Written by: Keith Tully
New laws being introduced this week mean anyone who loses their job having been furloughed by their employers is entitled to claim full redundancy payments.
The rules should ensure that people being laid off are given statutory redundancy pay in line with what they were earning prior to being furloughed rather that what their salary has been reduced to more recently.
Many employers will have little choice but to reduce the scale of their workforces in the coming weeks as the government’s Coronavirus Job Retention Scheme is scaled back and eventually closed entirely between August and the end of October.
The government says that while most businesses could be trusted to “do right by their employees” and provide redundancy packages based on normal pay levels, some may have been intending to leave some members of their staff short changed.

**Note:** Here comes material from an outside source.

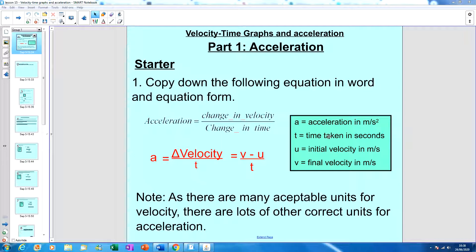A few things to mention about acceleration: if something's velocity is changing, there must always be an acceleration. Remember, velocity is speed with direction, so either the speed is getting faster or slower. In day-to-day life, people sometimes say 'deceleration' — that is just negative acceleration. Also, you can travel at a steady speed but your direction can change, and because you need both speed and direction to make velocity, if the direction is changing, the velocity must be changing, and therefore acceleration must be changing.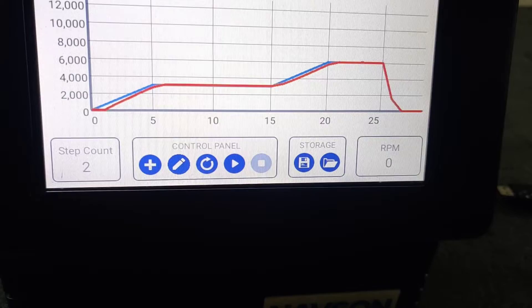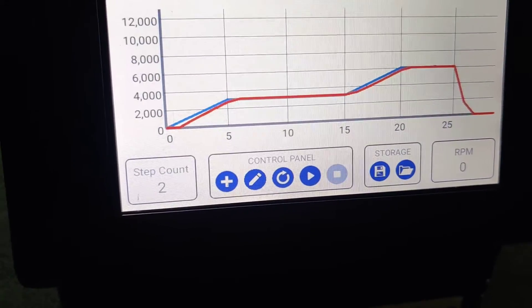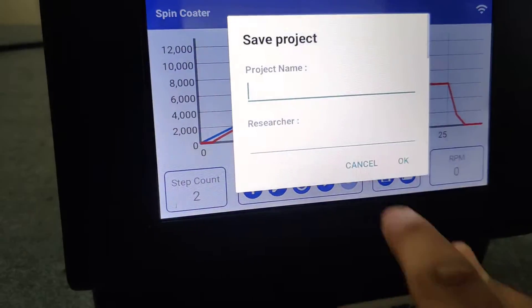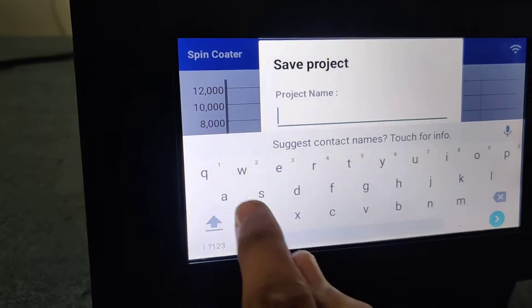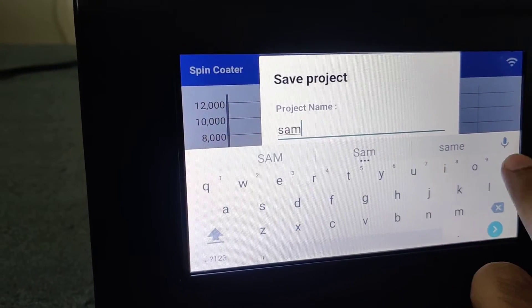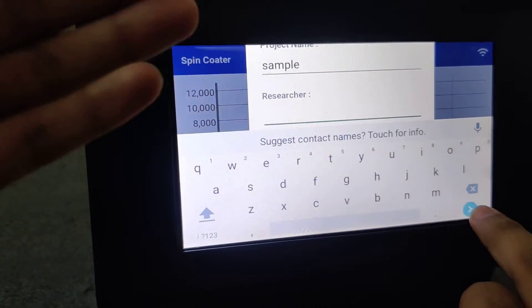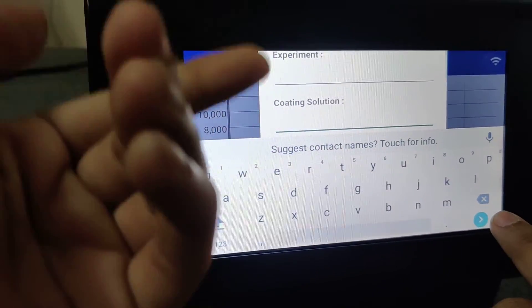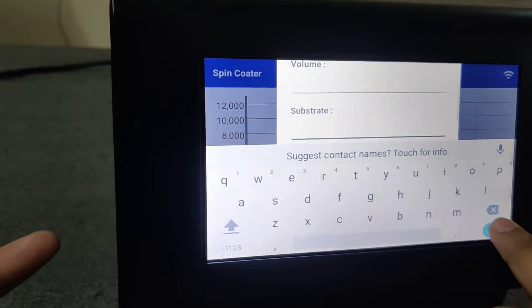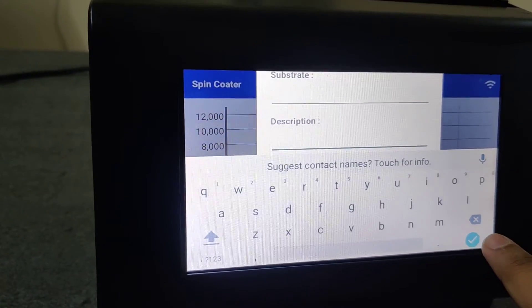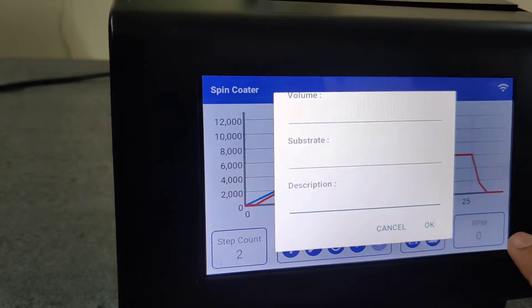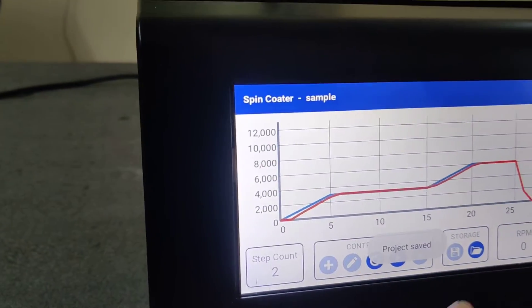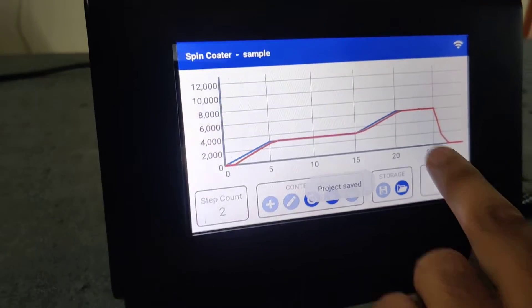So once it is done, if you want to save the program, you save it. Say you will save example. So it asks for the researcher's name, experiment, what coating solution you are using, what volume you are using, what substrate you are using, description if you have any particular thing you need to write up, and these are optional. So whatever is useful for you, you use it.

Legislation detailing the new rules on the issue come into force from July 31st but will only apply to employees with more than two years of continuous service behind them.
Nonetheless, the government has said it expects the new laws to provide some reassurance to a significant number of people who might have been worried about what kind of payments they’d be entitled to if they do lose their job in the coming weeks.
“We urge employers to do everything they can to avoid making redundancies, but where this is unavoidable it is important that employees receive the payments they are rightly entitled to,” said Alok Sharma, business secretary.
“New laws coming into force today will ensure furloughed workers are not short-changed if they are ever made redundant – providing some reassurance for workers and their families during this challenging time.”
Around 9.5 million jobs are understood to have been supported by the Coronavirus Job Retention Scheme since March and some organisations have been calling for the initiative to remain in place beyond the end of October.
Indeed, the thinktank NIESR (the National Institute of Economic and Social Research) has said that winding down the furlough scheme would be a “mistake” that could cost the UK more than 1.2 million jobs by Christmas.